Abdelkrim Sebbar, le directeur général de ce centre, a expliqué à Magharebia que la somme totale entre les mains des seuls mendiants de Casablanca était de plus de deux millions de dirhams. Ce montant se répartit sous forme de billets pour environ 1,4 million de dirhams et de 500.000 dirhams détenus sur des comptes bancaires. A quoi viennent encore s’ajouter pour près de 150.000 dirhams de bijoux.
Une mendiante de 68 ans a refusé pendant des années de fréquenter les toilettes publiques par peur de se voir voler son argent et ses bijoux, indique l’étude. En quatre ans seulement, elle a pu récolter 120.000 dirhams en argent liquide — et six bracelets en or. En plus de ses revenus tirés de la mendicité, son revenu mensuel régulier est d’environ 5500 dirhams. Outre un immeuble à Casablanca dont elle est propriétaire, elle reçoit 2000 dirhams chaque mois en paiement du loyer d’un atelier de mécanique. Elle possède une autre boutique que son fils loue pour 500 dirhams par mois. Son autre fils, immigré en Allemagne, lui envoie 3500 dirhams par mois. Malgré tout cela, elle continue de mendier.
Un autre, un homme de 70 ans, a été arrêté lors d’une campagne anti-mendicité à Casablanca avec 160.000 dirhams en sa possession. Il avait réussi à accumuler cette somme en quelques années seulement. Il possédait également une maison.

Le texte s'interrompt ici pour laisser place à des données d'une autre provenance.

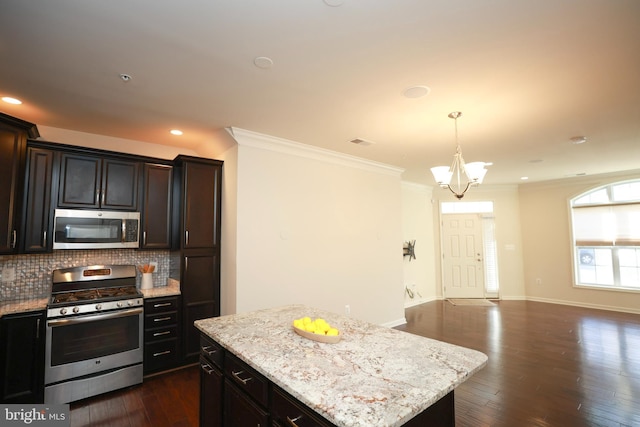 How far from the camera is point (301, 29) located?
5.77 feet

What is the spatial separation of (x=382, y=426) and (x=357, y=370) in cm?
40

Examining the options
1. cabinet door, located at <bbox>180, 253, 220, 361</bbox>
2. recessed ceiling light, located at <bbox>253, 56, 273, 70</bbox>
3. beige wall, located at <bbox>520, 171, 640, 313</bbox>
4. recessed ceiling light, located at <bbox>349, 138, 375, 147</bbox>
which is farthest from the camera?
beige wall, located at <bbox>520, 171, 640, 313</bbox>

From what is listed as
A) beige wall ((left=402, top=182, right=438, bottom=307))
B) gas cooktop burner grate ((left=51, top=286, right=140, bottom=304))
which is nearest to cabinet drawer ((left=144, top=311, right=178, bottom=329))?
gas cooktop burner grate ((left=51, top=286, right=140, bottom=304))

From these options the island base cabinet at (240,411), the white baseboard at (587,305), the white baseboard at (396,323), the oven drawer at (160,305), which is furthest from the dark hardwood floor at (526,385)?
the island base cabinet at (240,411)

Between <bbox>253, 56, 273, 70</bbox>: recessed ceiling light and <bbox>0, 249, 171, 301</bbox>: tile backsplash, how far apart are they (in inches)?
116

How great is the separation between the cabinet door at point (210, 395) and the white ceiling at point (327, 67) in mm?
2133

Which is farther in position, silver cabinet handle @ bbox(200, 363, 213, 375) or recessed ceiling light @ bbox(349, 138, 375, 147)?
recessed ceiling light @ bbox(349, 138, 375, 147)

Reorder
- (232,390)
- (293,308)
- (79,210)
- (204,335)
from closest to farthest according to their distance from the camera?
1. (232,390)
2. (204,335)
3. (293,308)
4. (79,210)

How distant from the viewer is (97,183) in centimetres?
317

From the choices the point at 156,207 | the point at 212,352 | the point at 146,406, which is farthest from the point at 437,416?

Le même rapport cite le cas d’une mendiante de 63 ans qui possédait un compte bancaire avec 320.000 dirhams, une maison dans un quartier très branché de Casablanca, de l’argent liquide, de l’or, et dont les fils, banquier et courtier, lui envoient régulièrement de l’argent.
Il est clair que ces mendiants sont tout, sauf pauvres. "Recourir à la mendicité peut s’expliquer par la nécessité, mais poursuivre cette activité relève d’une addiction à l’argent facilement gagné", explique Khadija Amiti, sociologue, à Magharebia. "Nous devons rechercher les raisons réelles et cachées derrière ce comportement répété et continu en dépit des harcèlements et des insultes dont ces personnes sont l’objet."
Combattre la mendicité nécessite également des mesures de protection des enfants de la rue, a expliqué le ministre Skalli devant la Chambre des représentants, mardi 2 décembre. Les ministères de la Santé, de l’Education Nationale, de la Justice, de l’Emploi et de la Formation Professionnelle, ainsi que les associations locales et les ONG doivent collaborer pour résoudre ce problème, a-t-elle expliqué aux députés. Son ministère forme déjà des équipes spécialisées dans le suivi des enfants des rues, a-t-elle ajouté.
Des unités de protection des enfants victimes de maltraitance, d’exploitation et de violence ont été mises en place à Casablanca et Marrakech, et le ministre envisage d’étendre cette expérience dans l’ensemble du royaume.
Mais de nombreux Marocains doutent que cette stratégie soit efficace. Ahmed Moujib, employé, a perdu tout espoir de voir toute mesure ou programme gouvernemental parvenir à réduire le problème endémique de la mendicité. "Plus ils parlent de certaines mesures, plus le nombre de mendiants est important ; c’est comme s’ils défiaient l’Etat", déclare-t-il avec dédain. Ce n’est pas d’une nouvelle politique dont on a besoin, explique-t-il à Magharebia, mais plutôt d’une meilleure sensibilisation des citoyens, qui doivent arrêter de donner l’aumône aux mendiants.
"Ils devraient penser plutôt à donner l’aumône aux familles pauvres qui en ont vraiment besoin mais qui ne recourent pas à la mendicité par respect pour leur dignité", conclut-il.